WHAT THE TASK ASKS:
Reproduce only the lines of the material below that start at the line containing "American Eagle Sweater Size Small" and stop at the line containing "22 Orange Grove". Keep both end lines.

========

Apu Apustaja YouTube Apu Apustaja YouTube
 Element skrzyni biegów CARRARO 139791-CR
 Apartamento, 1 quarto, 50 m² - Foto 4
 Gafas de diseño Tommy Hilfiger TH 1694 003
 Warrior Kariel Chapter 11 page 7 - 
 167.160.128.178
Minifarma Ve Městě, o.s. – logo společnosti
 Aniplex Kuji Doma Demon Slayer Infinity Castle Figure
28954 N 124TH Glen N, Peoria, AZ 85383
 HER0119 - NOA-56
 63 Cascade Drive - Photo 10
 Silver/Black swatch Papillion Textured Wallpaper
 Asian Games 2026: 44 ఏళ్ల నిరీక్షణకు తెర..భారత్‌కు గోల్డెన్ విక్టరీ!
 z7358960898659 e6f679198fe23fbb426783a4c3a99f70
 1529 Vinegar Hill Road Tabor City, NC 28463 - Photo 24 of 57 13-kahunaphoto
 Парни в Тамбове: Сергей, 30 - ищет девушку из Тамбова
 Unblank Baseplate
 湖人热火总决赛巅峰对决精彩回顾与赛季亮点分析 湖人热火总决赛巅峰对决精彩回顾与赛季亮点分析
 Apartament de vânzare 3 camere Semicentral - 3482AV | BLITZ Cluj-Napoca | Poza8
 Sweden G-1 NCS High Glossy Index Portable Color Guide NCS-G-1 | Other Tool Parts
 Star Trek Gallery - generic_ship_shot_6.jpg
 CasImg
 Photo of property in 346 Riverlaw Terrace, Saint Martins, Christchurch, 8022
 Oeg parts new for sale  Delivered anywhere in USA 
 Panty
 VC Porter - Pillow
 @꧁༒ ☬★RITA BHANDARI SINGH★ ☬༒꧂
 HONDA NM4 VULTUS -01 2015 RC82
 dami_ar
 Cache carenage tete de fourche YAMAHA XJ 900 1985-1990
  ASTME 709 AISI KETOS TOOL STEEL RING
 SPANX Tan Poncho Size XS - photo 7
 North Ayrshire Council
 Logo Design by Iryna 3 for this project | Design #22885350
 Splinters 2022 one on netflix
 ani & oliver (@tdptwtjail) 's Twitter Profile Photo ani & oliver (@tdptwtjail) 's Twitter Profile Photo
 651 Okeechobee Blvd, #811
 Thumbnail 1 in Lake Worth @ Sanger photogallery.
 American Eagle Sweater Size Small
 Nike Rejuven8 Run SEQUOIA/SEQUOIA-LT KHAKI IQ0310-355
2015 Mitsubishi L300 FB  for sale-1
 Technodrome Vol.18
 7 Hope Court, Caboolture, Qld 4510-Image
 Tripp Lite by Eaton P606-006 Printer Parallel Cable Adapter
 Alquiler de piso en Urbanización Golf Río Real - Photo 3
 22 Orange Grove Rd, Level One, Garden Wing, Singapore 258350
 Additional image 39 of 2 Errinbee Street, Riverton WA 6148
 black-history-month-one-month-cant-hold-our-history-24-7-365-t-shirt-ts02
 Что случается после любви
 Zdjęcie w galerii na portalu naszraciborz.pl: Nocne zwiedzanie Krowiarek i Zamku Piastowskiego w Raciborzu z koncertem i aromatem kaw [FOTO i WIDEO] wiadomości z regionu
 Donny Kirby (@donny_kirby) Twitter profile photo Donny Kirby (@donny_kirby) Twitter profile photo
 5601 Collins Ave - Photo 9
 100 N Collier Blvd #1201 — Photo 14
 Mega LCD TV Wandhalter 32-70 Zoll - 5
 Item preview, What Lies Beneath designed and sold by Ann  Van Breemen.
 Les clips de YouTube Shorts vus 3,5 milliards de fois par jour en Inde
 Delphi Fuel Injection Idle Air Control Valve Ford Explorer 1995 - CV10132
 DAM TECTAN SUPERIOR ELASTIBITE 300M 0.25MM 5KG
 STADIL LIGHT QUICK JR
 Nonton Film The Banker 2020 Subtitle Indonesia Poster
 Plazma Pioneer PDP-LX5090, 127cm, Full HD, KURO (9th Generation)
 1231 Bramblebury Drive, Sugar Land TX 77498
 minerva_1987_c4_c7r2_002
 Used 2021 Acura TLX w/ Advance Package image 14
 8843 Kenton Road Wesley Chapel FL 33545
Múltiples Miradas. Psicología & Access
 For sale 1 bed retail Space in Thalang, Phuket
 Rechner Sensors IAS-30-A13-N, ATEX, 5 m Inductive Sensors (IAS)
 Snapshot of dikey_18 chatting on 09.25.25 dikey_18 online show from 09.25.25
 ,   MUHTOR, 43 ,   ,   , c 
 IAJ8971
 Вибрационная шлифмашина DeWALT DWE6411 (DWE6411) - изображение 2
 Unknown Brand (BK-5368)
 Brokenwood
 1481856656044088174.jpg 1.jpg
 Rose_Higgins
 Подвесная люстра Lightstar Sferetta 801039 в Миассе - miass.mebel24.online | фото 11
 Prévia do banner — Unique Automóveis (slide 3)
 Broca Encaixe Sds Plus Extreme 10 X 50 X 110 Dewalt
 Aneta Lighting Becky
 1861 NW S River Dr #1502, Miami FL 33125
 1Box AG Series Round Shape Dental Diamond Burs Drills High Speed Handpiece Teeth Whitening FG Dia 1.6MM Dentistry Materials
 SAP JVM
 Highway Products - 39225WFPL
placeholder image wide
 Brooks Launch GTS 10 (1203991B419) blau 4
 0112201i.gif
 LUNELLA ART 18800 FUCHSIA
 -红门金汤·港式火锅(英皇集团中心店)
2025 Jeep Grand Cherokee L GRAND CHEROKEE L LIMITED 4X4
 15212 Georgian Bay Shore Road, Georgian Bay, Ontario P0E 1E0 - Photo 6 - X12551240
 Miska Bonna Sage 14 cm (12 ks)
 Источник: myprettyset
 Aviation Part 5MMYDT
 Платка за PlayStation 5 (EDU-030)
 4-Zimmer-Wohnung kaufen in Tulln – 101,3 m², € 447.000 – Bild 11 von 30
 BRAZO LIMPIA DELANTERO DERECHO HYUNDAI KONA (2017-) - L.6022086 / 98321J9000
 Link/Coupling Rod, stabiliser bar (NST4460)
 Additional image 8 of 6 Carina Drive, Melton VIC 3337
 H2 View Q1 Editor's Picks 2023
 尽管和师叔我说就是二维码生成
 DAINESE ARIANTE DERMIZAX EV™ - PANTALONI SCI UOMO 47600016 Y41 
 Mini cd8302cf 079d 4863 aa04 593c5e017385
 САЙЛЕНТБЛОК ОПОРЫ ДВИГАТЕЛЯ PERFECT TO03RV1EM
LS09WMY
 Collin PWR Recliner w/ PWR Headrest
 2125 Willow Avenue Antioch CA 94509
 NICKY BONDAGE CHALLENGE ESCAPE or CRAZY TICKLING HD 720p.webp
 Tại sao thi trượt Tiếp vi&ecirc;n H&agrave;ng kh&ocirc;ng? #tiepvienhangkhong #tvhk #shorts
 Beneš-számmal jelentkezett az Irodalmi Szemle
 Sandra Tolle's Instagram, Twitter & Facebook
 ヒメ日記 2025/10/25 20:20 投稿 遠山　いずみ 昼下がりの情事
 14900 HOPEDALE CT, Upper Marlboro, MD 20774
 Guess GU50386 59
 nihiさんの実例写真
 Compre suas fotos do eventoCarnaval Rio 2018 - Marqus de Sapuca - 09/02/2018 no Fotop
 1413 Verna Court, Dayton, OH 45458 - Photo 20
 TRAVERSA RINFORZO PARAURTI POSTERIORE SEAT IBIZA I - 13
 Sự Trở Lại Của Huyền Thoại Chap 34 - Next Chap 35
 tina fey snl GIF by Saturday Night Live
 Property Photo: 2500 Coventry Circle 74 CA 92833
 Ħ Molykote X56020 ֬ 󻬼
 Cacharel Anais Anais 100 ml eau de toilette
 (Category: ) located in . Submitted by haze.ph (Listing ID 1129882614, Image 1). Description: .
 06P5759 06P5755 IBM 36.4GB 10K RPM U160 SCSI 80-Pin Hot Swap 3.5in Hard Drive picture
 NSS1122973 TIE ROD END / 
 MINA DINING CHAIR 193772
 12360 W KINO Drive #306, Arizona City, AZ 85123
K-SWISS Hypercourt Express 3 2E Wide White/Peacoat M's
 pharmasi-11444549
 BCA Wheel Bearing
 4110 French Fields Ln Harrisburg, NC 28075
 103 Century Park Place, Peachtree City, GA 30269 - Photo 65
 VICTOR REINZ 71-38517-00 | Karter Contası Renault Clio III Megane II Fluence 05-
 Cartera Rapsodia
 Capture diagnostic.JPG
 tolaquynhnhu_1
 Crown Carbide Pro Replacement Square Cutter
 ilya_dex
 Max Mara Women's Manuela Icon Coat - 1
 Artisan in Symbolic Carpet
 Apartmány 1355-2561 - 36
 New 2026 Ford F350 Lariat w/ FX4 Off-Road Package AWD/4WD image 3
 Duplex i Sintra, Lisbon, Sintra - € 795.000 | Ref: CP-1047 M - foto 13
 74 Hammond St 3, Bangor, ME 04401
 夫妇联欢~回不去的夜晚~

========

SOLUTION FOR THIS EXERCISE:
 American Eagle Sweater Size Small
 Nike Rejuven8 Run SEQUOIA/SEQUOIA-LT KHAKI IQ0310-355
2015 Mitsubishi L300 FB  for sale-1
 Technodrome Vol.18
 7 Hope Court, Caboolture, Qld 4510-Image
 Tripp Lite by Eaton P606-006 Printer Parallel Cable Adapter
 Alquiler de piso en Urbanización Golf Río Real - Photo 3
 22 Orange Grove Rd, Level One, Garden Wing, Singapore 258350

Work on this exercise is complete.